WOUNDS and BURNS
GOALS OF WOUND MANAGEMENT:
Achieve hemorrhage control (haemostasis)
Minimize risk of infection
Promote optimal healing
Reduce discomfort and minimize disability
Minimize loss of function
Optimize cosmetic outcome
Refer for definitive care when needed
Evacuation: Consider: Related to patient comfort and logistical considerations- should be considered for any patient
showing signs of localised infection Rapid: Any patient with signs of systemic infection
WOUND ASSESSMENT: What kind of dirt is it...???
● CLEAN: a simple wound (eg: cut produced by a blade) in an area of the body with low bacterial count, treated shortly after the wound occurred.
● DIRTY: a wound in an area with a high bacterial count (eg, axilla, groin) or presenting late (approx 48 hours after wounding)
● CONTAMINATED: a wound impregnated with organic soil (swamps, jungle), fecal material, or a wound already infected.
WOUND ASSESSMENT: What’s in there...???
● It’s important to consider the characteristics of wound debris before cleaning.
● LARGE PARTICLES: without electrical charge (eg: glass, gravel) are largely inert
and unlikely to contribute to wound infection or to impair healing
● ORGANIC SOILS: (eg: swamp, jungle) hold ionic charge and interfere markedly with
leukocyte function = less bacteria required to start an infection!
● DIRT: has soil and silica in it- both cause inflammatory responses!
● FAECAL MATTER: high bacterial content = need to dilute and remove ASAP
● MARINE: sea water has a high bacterial count = need to clean with fresh water
WOUND CLEANING: How and with what...?
● Irrigate, Irrigate....Irrigate!
● High-pressure irrigation (6–12 psi) is recommended to lower wound infection rates (especially in the case of open fractures).
● Irrigation should be performed as quickly as possible after the incident.
● In a wilderness setting, potable water is the preferred solution for wound irrigation.
● If irrigation is performed, additives SHOULD NOT be used (eg: betadine, iodine, etc)
● Additives may be added for post-care for irrigated wounds that are considered contaminated.
A BURN is any injury caused by heat, cold, electricity, chemicals, gases, friction and radiation (including sunlight). [ARC 2016]
CLASSIFICATION: assess/classify the depth:
● SUPERFICIAL: redness, swelling, possible blisters
● PARTIAL THICKNESS: redness, swelling, blisters, severe pain
● FULL THICKNESS: charring/blackness, “leathery appearance” no pain
TOTAL BODY SURFACE AREA ASSESSMENT (TBSA):
● Rule of 9’s Diagram Below
● Rule of Palms ( The Patient hand represents 1% of their TBSA)
COOL: use the cleanest running water available for a minimum of 20 minutes.
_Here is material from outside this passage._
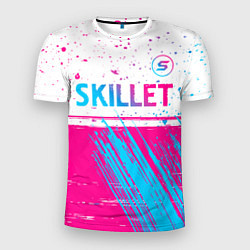 Мужская спорт-футболка Skillet neon gradient style посередине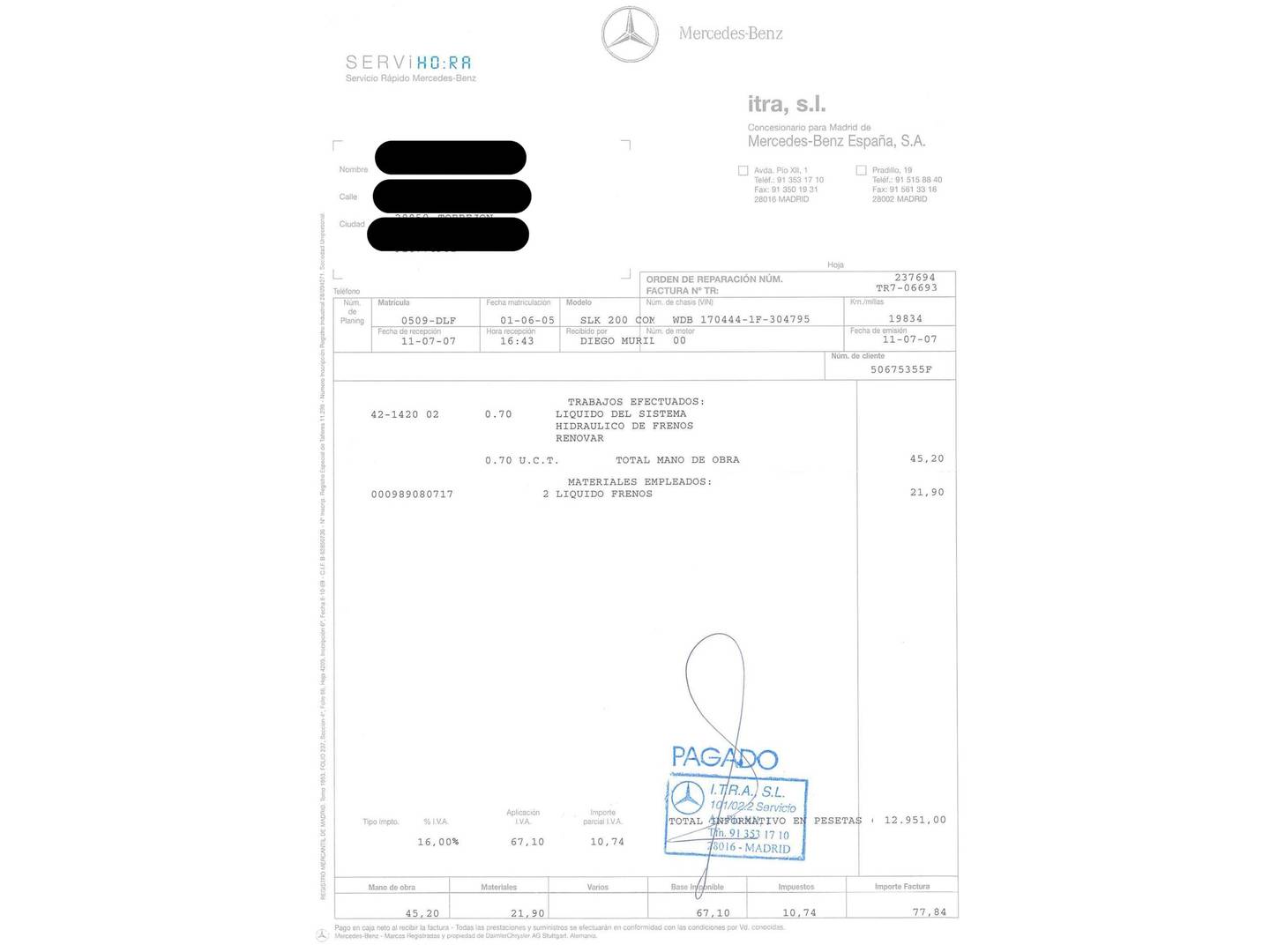 Foto del mantenimiento del Mercedes Clase SLK Mercedes Clase SLK 200 K (163 CV)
Let pain be your guide on when to stop.
CLEAR: remove all watches, rings, bracelets. If clothing has become stuck to skin, cut around the burn site- don’t tear it off!
COVER: use cling-wrap (or something similar) to cover the burn site once the cooling process is complete. Apply longitudinally.
Pre-empt onset of shock- treat for environment.
Manage pain- mild analgesia (eg: paracetamol if appropriate) or
impregnated dressings (eg: Burn-Aid)
DO NOT use ice to cool; DO NOT break blisters.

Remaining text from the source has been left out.